The ten selected practices were staffed by a median of 3 general practitioners (IQR 2–3). Of the 27 general practitioners, 15 (55.6%) were female, with a median age of 51 years (IQR 45–54). The median number of patients registered per practice was 7,381 (IQR 5,336–11,530). Table 1 presents the demographic characteristics of the randomly selected patients (ncases = 6,000).
Table 1Patient characteristics (available for all patients with no missing values) by target disease.

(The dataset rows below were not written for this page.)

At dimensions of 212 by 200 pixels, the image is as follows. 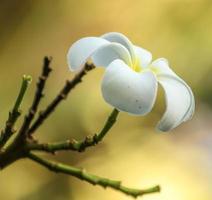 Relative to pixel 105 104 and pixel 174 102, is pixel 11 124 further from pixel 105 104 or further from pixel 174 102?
pixel 105 104

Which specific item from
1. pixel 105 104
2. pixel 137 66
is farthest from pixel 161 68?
pixel 105 104

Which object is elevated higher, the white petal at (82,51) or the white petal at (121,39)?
the white petal at (121,39)

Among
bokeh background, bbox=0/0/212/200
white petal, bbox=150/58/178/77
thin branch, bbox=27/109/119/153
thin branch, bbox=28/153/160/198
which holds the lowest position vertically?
bokeh background, bbox=0/0/212/200

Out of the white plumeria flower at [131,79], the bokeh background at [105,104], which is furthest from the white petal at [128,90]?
the bokeh background at [105,104]

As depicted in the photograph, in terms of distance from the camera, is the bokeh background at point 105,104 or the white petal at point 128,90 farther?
the bokeh background at point 105,104

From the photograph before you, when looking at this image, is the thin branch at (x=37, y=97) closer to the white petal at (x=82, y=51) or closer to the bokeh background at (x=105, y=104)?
the white petal at (x=82, y=51)

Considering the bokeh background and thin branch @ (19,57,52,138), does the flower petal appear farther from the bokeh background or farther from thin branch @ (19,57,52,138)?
the bokeh background

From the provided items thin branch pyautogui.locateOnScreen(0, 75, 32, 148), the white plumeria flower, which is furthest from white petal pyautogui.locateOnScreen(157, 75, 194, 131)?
thin branch pyautogui.locateOnScreen(0, 75, 32, 148) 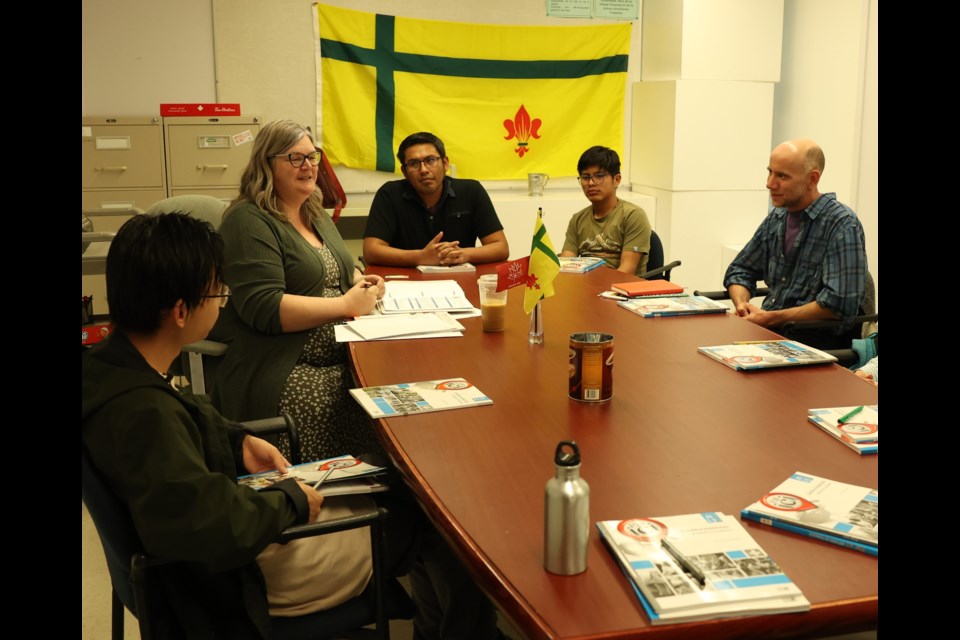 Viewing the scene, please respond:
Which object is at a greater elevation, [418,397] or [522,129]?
[522,129]

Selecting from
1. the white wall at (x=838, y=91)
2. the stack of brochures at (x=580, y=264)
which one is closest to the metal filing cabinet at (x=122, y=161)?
the stack of brochures at (x=580, y=264)

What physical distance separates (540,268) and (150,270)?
3.30 feet

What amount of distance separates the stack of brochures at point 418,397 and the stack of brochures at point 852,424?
0.64m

| Total | Diabetes mellitus | Obesity | Dyslipidaemia | ||
| ncases | 6,000 | 527 | 971 | 2,334 | |
| Female sex, n (%) | 3,314 (55.2%) | 241 (45.7%) | 520 (53.6%) | 1,235 (52.9%) | |
| Age, median (IQR) | 55 (37–70) | 71 (60–79) | 62 (50–73) | 68 (57–77) | |
| Age groups, n (%) | 0–40 years | 1,786 (29.8%) | 20 (3.8%) | 141 (14.5%) | 83 (3.6%) | 
| 41–64 years | 2,179 (36.3%) | 159 (30.2%) | 391 (40.3%) | 903 (38.7%) | |
| 65–80 years | 1,394 (23.2%) | 239 (45.4%) | 330 (34.0%) | 959 (41.1%) | |
| >80 years | 641 (10.7%) | 109 (20.7%) | 109 (11.2%) | 389 (16.7%) | |
IQR, interquartile range
Using coded free-text diagnoses or structured EMR components (MED or CLPs), 527 cases of diabetes mellitus (prevalence 8.8%), 971 cases of obesity (prevalence 16.2%), and 2,334 cases of dyslipidaemia (prevalence 38.9%) were identified. Among the 2,725 patients identified with at least one target disease, 1,816 (66.6%) were identified with only one disease, 711 (26.1%) with two diseases, and 198 (7.3%) with all three target diseases.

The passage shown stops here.